|
|
Boost : |
Subject: Re: [boost] Looking for thoughts on a new smart pointer: shared_ptr_nonnull
From: Matt Calabrese (rivorus_at_[hidden])
Date: 2013-10-06 14:14:26
On Sun, Oct 6, 2013 at 2:11 AM, Daniel James <daniel_at_[hidden]> wrote:
> How is that not introducing undefined behaviour? Say there's a function:
>
> void foo(boost::shared_ptr<...> const& x) {
> if (!x) { something_or_other(); }
> else blah_blah(*x);
> }
>
> By using shared_ptr_nonull, that check can be removed:
>
> void foo(boost::shared_ptr_nonnull<...> const& x) {
> blah_blah(*x);
> }
>
> But then a caller believes that their shared_ptr is never null, so
> they copy it into a shared_ptr_nonnull without checking for null
> first, and that action introduces the possibility of undefined
> behaviour where there was none before (given that there's always a
> possibility of bugs in non-trivial code).
>
With a regular shared pointer, the possibility for UB is whenever you
dereference. With a non-null shared pointer, the UB possibility is only
during initalization/assignment, assuming that the programmer is doing so
from a raw pointer (again, people should use named construction functions
whenever they can anyway, which is probably the most-common case, so this
is somewhat moot).
Whenever you have a non-null shared pointer, you cannot have UB simply by
dereferencing it. I know you will retort "but what if someone violated
preconditions" again, but I will reiterate, that is the programmer's bug.

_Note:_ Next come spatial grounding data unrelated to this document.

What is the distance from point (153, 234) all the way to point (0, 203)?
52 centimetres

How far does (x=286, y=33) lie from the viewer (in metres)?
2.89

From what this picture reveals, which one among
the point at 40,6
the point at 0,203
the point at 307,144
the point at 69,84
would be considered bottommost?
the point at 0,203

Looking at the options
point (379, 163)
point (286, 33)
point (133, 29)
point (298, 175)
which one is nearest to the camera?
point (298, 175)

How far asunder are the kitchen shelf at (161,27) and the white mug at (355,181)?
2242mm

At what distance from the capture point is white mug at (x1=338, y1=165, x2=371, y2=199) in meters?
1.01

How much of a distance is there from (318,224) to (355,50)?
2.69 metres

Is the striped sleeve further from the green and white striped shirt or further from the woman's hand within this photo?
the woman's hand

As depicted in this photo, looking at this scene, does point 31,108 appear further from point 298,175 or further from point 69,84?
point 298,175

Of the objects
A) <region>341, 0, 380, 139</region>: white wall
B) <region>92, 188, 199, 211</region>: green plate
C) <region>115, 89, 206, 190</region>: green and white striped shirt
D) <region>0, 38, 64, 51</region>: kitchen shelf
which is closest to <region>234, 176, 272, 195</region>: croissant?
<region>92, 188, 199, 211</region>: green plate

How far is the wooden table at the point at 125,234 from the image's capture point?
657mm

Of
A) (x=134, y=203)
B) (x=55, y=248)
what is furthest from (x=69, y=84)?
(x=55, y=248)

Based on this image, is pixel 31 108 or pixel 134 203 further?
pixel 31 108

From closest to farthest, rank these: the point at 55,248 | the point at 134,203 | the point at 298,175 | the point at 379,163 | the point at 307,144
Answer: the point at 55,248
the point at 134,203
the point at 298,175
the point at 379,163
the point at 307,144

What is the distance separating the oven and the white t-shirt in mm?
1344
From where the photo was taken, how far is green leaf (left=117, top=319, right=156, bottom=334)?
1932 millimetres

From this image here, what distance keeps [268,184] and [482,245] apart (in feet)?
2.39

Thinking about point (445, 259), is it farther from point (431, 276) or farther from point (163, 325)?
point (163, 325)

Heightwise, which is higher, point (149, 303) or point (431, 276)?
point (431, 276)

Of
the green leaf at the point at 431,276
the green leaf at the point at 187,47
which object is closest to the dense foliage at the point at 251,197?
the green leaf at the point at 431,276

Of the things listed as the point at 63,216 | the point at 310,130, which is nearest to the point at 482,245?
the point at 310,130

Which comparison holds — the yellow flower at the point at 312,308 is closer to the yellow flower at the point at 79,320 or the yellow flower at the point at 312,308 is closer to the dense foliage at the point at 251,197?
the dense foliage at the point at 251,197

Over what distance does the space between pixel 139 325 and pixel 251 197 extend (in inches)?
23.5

This is true with every single piece of code in the standard library that
has specified preconditions and in any library at all that /properly/
specifies preconditions for functions. It's not simply by convention or
doctrine or whatever you want to call it, it's because it is what makes
sense. There is nothing special about a non-null shared pointer that
changes this. If you violate the precondition it is your fault, not the
library's. By providing named construction functions, we get by the issue
partially, and these should be preferred whenever possible anyway.
As to whether or not non-nullness should be a precondition, I've explained
why it should be a precondition as opposed to documented check/throw and I
can't say much more if you simply don't see the rationale.

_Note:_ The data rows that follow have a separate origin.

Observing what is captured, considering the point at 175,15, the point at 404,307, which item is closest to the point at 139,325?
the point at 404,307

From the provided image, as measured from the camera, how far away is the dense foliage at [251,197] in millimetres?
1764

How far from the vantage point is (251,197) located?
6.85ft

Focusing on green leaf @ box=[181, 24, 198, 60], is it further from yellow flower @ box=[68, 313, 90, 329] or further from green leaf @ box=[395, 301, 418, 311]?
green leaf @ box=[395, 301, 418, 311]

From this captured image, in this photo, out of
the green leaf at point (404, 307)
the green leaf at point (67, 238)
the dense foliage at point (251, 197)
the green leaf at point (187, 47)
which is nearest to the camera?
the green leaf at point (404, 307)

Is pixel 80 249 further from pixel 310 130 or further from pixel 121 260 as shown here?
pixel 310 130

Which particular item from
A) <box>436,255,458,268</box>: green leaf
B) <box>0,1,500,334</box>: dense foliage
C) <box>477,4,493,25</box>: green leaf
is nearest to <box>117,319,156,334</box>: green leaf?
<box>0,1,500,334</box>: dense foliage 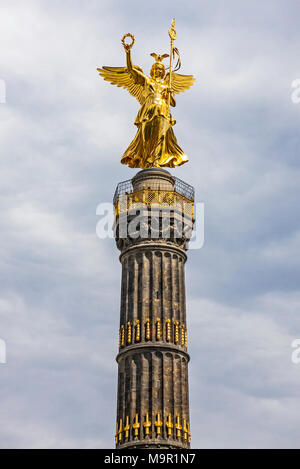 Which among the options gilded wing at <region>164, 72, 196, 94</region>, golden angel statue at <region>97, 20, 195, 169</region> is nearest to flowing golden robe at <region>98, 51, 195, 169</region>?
golden angel statue at <region>97, 20, 195, 169</region>

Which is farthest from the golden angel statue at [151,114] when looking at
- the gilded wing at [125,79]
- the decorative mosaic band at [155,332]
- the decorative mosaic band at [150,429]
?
the decorative mosaic band at [150,429]

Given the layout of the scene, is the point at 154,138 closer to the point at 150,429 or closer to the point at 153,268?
the point at 153,268

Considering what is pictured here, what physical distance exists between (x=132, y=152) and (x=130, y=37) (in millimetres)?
8108

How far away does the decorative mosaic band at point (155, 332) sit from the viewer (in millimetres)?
46500

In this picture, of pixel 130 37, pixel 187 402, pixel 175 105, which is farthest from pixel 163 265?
pixel 130 37

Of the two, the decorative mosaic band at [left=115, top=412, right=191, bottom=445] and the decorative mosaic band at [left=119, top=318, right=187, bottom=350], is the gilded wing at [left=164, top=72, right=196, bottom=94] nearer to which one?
the decorative mosaic band at [left=119, top=318, right=187, bottom=350]

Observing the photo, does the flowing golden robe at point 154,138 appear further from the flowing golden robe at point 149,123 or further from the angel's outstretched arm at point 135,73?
the angel's outstretched arm at point 135,73

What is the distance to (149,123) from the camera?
2067 inches

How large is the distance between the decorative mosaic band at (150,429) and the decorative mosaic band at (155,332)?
15.8ft

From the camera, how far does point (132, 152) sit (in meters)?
53.1

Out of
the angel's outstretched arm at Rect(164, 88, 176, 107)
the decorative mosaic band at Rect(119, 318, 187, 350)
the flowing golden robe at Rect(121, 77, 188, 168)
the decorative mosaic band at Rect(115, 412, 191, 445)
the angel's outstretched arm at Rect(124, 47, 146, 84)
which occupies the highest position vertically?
the angel's outstretched arm at Rect(124, 47, 146, 84)

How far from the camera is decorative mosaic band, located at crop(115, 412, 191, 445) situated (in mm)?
43438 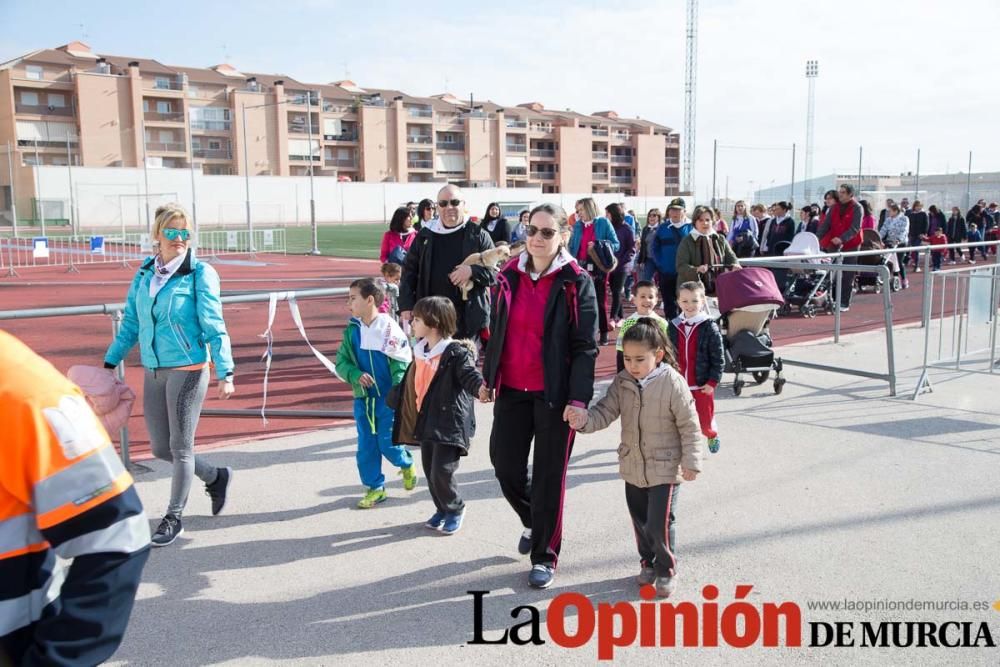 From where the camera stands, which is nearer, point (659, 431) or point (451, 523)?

> > Saying that it somehow makes code less safe
> > is ludicrous. It makes preconditions for functions dealing with non-null
> > shared_ptrs simpler (since the non-nullness is already guaranteed by the
> > invariants), and also simplifies code dealing with them.
>
> The invariants don't guarantee anything if there is no check. This
> false sense of security is what makes the code less safe.
>
Yes, of course they're still guarantees. Invariants always only hold if you
keep up with your end of the contract (meeting the preconditions). It's not
a false sense of security. A library can't account for programmer error. If
you want an example of a false sense of security, it is having a library
check and throw an exception that a programmer can't handle for the reasons
I and others have already explained.
If you can't deal with an unexpected exception here, how can you deal
> with exceptions anywhere? Do you really think that programmers are
> always aware of every possible exception?
>
You can't deal with an exception here because it was caused by a programmer
passing in a value that violated the preconditions of the function. In
other words, the programmer thought that he was passing something that met
the preconditions, but he was incorrect. This is a bug and his handler
can't fix the bug. He thought he was passing in one thing but was really
passing in something else, so you assert. The reason that you can deal with
exceptions elsewhere is because they are thrown due to conditions that the
caller simply can't account for at the time the arguments are passed, for
instance, because those conditions may be nondeterministic from the
caller's point of view. Such exceptions do not get thrown because of
programmer error.
And, of course, undefined behaviour allows for the throwing of
> exceptions, so if you can't deal with exceptions, you can't deal with
> undefined behaviour.
>
...that's precisely the point. You /can't/ deal with it. That's why it's
undefined. These are bugs that are to be found during testing, which is why
you assert rather than specify check/throw behavior.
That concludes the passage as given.